Even health care policy expert Bob Laszewski, a frequent critic of the ACA, sees an opportunity for Democrats in embracing parts of the law. “I think Democrats have the ability to steal the health care issue back from Republicans,” he told the AP. “The Democratic Party can become the party of fixing Obamacare.”
But those Democrats who are not defending controversial votes they may have taken regarding the ACA, or who are not beholden to the president who is desperate to avoid one last rebuke from the electorate, are warning of a far bleaker future for Democrats with the Obamacare millstone around their necks.
Speaking to Boston Herald Radio last week, the only member of Massachusetts’ all-Democrat congressional delegation to vote against the 2010 health care reform law, Rep. Stephen Lynch (D-MA), warned that the Obamacare — well, you know — is about to “hit the fan.”
“There are parts of Obamacare, or the Affordable Care Act, that were postponed because they are unpalatable,” Lynch observed. “As these provisions come into effect, the administration thus far is saying, ‘Gee, we really can’t handle this right now so we’re going to delay it.'”
“These obligations keep piling up,” he continued. “Any individual with an individual healthcare plan that exceeds $10,200 is in a Cadillac plan situation. They’re going to have to pay — that employer, if they provide that, and many do today let alone in 2018 — will have to pay a 40 percent tax on the amount over the minimum established — excuse me, the maximum established under the Affordable Care Act.”
“That is a huge tax. It’s the first time in this country’s history that we have actually taxed health care,” Lynch said. “We used to treat it like food, that people would die without it. Well, we’re in a new day now.”
Here, Lynch implies that Republicans could — if they were so unscrupulous — turn the liberal strategy of accusing those Republican-led states that refused to expand Medicaid of murder on its head.
“We will lose seats in the House,” the Bay State congressman confessed when pressed on the likely political impact of the ACA. “I am fairly certain of that based on the poll numbers that are coming out from the more experienced pollsters down there. And I think we may lose the Senate.”
Lynch did not mince words when he said that the Democrats’ dire political straits are “primarily because of health care.”

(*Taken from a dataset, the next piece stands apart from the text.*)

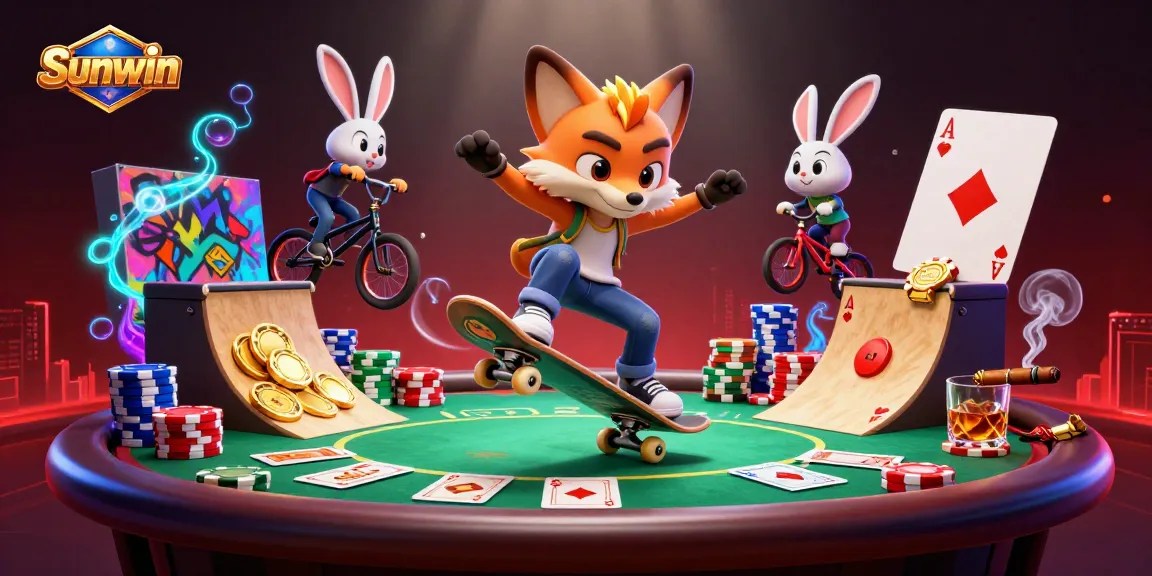 Experience thrilling gameplay at Sunwin with vibrant casino action and engaging characters.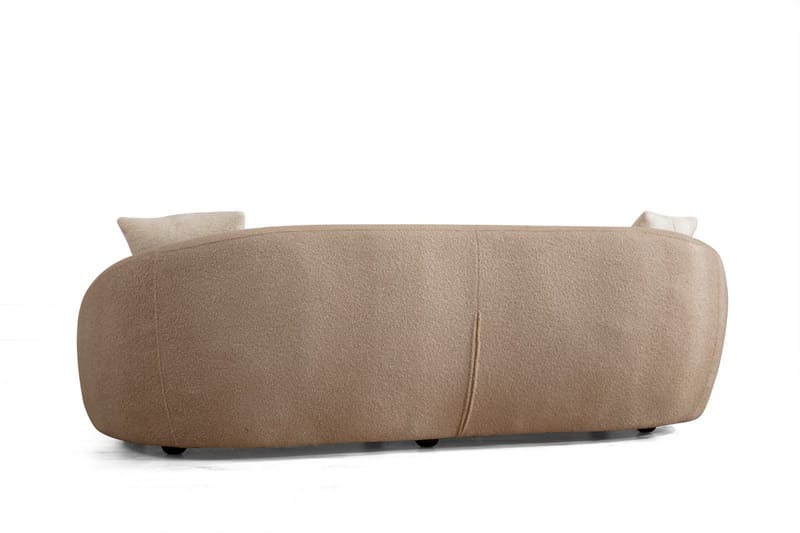 Scone Sofa 3-seters - Brun|Bouclé - Sofa 3 seter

The elements of the law that Lynch cited which have yet to kick in are only some of the more onerous aspects of the law that continues to tick ominously like the economic time-bombs they are. Many analysts believe that the flood of cancelled individual insurance plans that characterized the law’s early implementation period was merely a prelude to when (or, as former White House Press Sec. Robert Gibbs said, if) the ACA’s employer mandate is enacted.
While the White House and their allies in the press have seized on a Congressional Budget Office report that predicts insurance premium rates will increase at a slower rate than in years past, some health insurers continue to predict double-digit premium increases for some marketplaces in 2015. Others warn that that rates could double over the next two years.

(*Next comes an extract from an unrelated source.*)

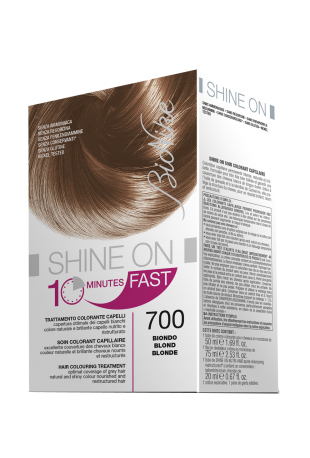 BIONIKE SHINE ON FAST TRATTAMENTO COLORANTE CAPELLI BIONDO 700 FLACONE 60 ML + TUBO 60 ML - Angeli Pharm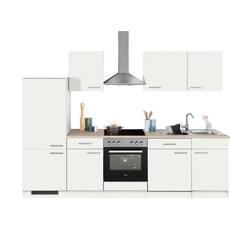 Bild von Küchenzeile »Zell«, mit E-Geräten, Breite 280 cm, weiß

The biggest rate hikes, experts say, will occur in states that were slow to adopt aspects of the ACA. In related news, Democrats are presently defending incumbent Senate seats in six states that former Republican nominee Mitt Romney won handily in 2012. Republicans need just six seats to flip control in order to retake the Senate.

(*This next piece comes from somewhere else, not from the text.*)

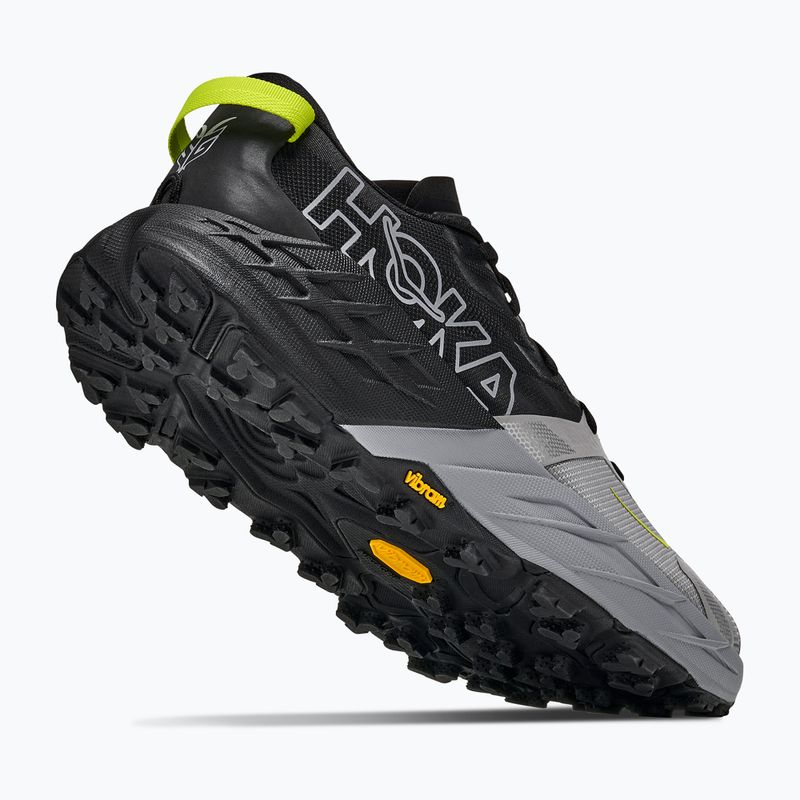 Кросівки для бігу чоловічі HOKA Speedgoat 7 black/stellar grey 5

The stakes surrounding the Affordable Care Act are high. So high, in fact, that it serves some of the president’s allies more to insist that the debate over the success of the ACA is “over.” It would seem that no matter how many supportive blog posts are published, candid statements like those made by Lynch and others indicate that Obamacare will persist as a political problem for Democratic political aspirants and incumbents.